Damn those freaking lightnings. Science Asylum explains what the heck they are


Nick Lucid, no, he is not lucid, explains what lightnings are and how do they form. On Science Asylum he has great videos that explain a ton of things from the world around us. Subscribe now and don’t miss any episode.

Now, back to lightnings, 90% strike within the clouds or from one cloud to the other. You need cumulonimbus clouds, those bulky ash looking clouds, also called storm clouds. Inside those clouds there are a ton of water crystals that are flying around like crazy.Those crystals will have the positive charges on the outside and the negative charges on the inside.

Since these crystals are hitting each other at a high rate, some pieces of them will break and they will contain mostly positive charge. After a while the negative charge will build up at the bottom of the cloud and the positive at the upper part.

Now that we have a ton of negative charge in the bottom of that cloud, it will push away the electrons of the ground and the ground will now be positively charged. Fun fact: a few seconds before the lightning strikes your hair will stick up.
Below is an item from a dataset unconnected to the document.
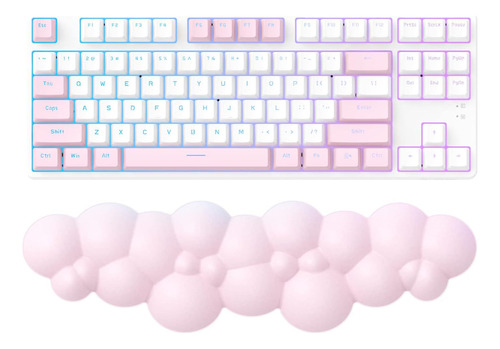 Manbasnake Reposamuñecas Keyboard Cloud De Espuma Viscoelást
After the earth becomes positively charged the air will, too, become charged and will form patches of conductivity that are 100 – 160 feet away from each other. When these patches reach the cloud, the lightning strikes in 1/4 seconds sending 1 – 10 coulombs of charge each second with peaks of 4-40 amps.

But the strike is not continuous. It happens in bursts and each suck stroke could carry 2000 – 20000 amps. The lighting heats up the air up to 28 000 degrees Celsius and this is why its color is bright blue.